LeetCode Daily Question 16/08/2024 - 624. Maximum Distance in Arrays

Problem Description:

You are given m arrays, where each array is sorted in ascending order. You can pick up two integers from two different arrays (each array picks one) and calculate the distance. We define the distance between two integers a and b to be their absolute difference |a - b|. Return the maximum distance

from typing import List
class Solution:
  def maxDistance(self, arrays: List[List[int]]) -> int:
    max_elt, min_elt = float('-inf'), float('inf')
    max_index, min_index = -1
    for i, array in enumerate(arrays):
      if array[0] < min_elt:
        min_elt = array[0]
        min_index = i
      if array[-1] > max_elt:
        max_elt = array[-1]
        max_index = i
    
    if max_index != min_index:
      return abs(max_elt - min_elt)
   	
    second_max, seoncd_min = float('-inf'), float('inf')
    for i, array in enumerate(arrays):
      if i != min_index:
        second_min = min(second_min, array[0])
      if i != max_index:
        seoncd_max = max(seoncd_max, array[-1])
      
    return max(abs(max_elt - second_min), abs(second_max - min_elt))

Explanation:

To solve this question, we find the maximum distance by keep track of the global min and max.

The catch of this problem is when both the global min and global max exists in the same array.

To avoid this we need to keep track of the indices of global min and global max, and if they are the same, we have to find the second min and second max to ensure the min and max are chosen from different arrays.

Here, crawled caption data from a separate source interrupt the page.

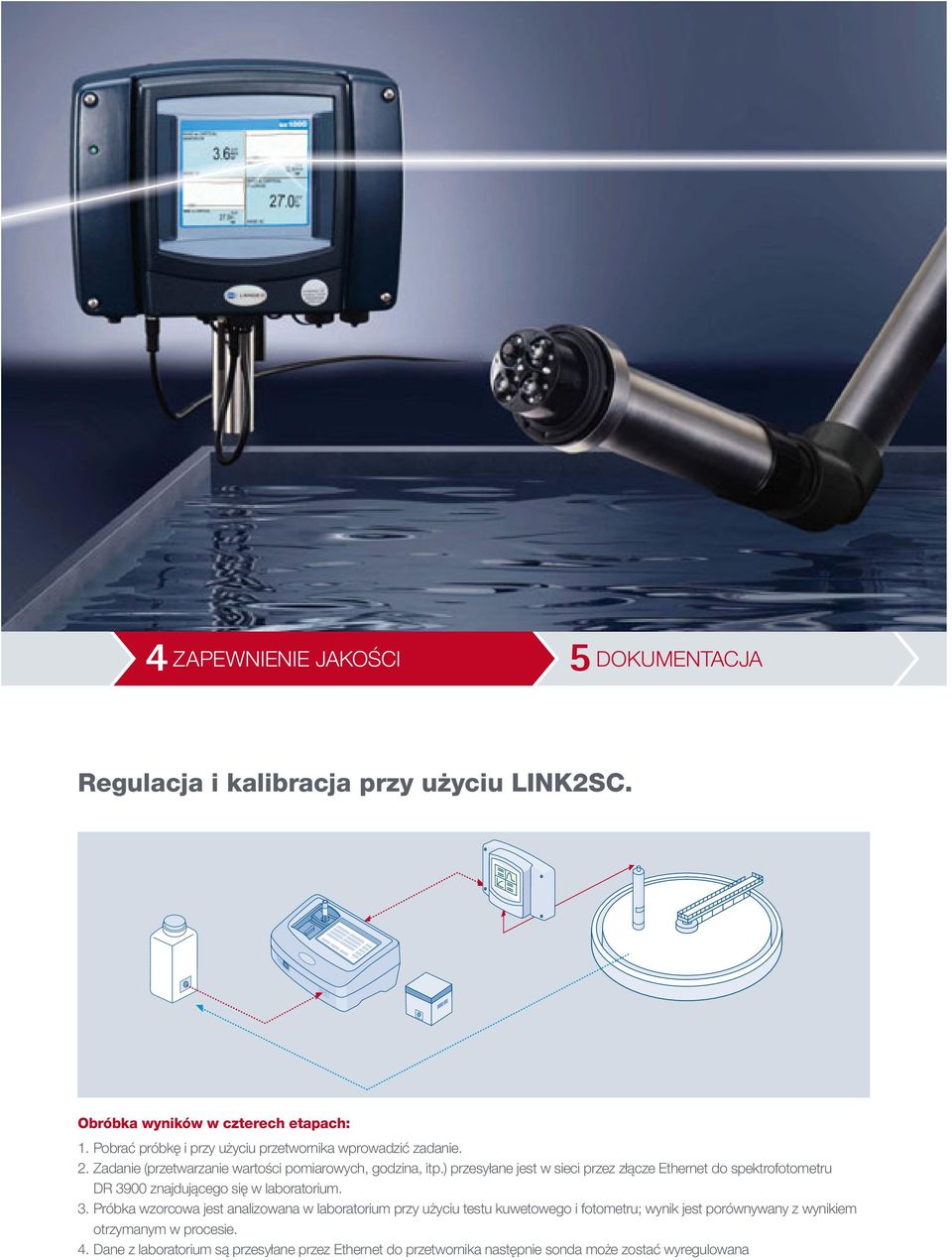 ) przesyłane jest w sieci przez złącze Ethernet do spektrofotometru DR 39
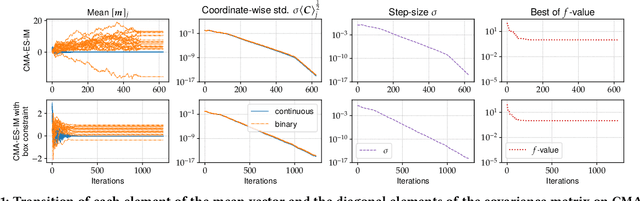Figure 2 for CMA-ES with Margin: Lower-Bounding Marginal Probability for Mixed-Integer Black-Box Optimization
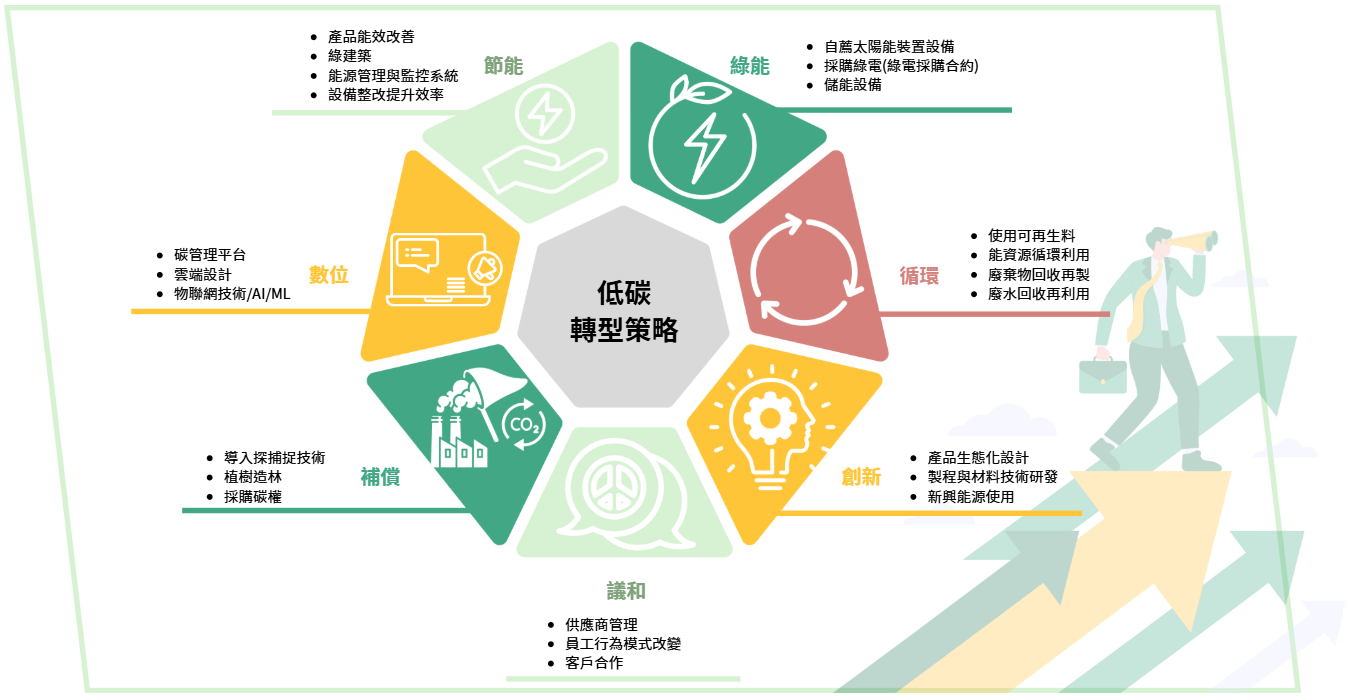 溫室氣體排放管理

So we begin by finding the global min and max and their respective index.

max_elt, min_elt = float('-inf'), float('inf')
max_index, min_index = -1
for i, array in enumerate(arrays):
  if array[0] < min_elt:
    min_elt = array[0]
    min_index = i
  if array[-1] > max_elt:
    max_elt = array[-1]
    max_index = i

If min_index and max_index are distinct, then we have found the max distance.

if max_index != min_index:
  return abs(max_elt - min_elt)

Otherwise, we need to keep track of a second min and second max. We also need to ensure that these min and max lives within a distinct array from the global max and min we found. This ensures that our max_distance is valid within the constraints of the question.

second_max, second_min = float('-inf'), float('inf')
for i, array in enumerate(arrays):
  if i != min_index:
    second_min = min(second_min, array[0])
  if i != max_index:
    second_max = max(second_max, array[-1])

Finally, we calculate the max distance by taking max of the differences between global max and second min, and second max and global min

return max(abs(max_elt - second_min), abs(second_max - min_elt))

The time complexity is O(n) as we have to traverse the entire array to find the global min max and their indices. The space complexity is O(1) as we only store single-valued variables in memory.

The full solution can be found near the top of the page.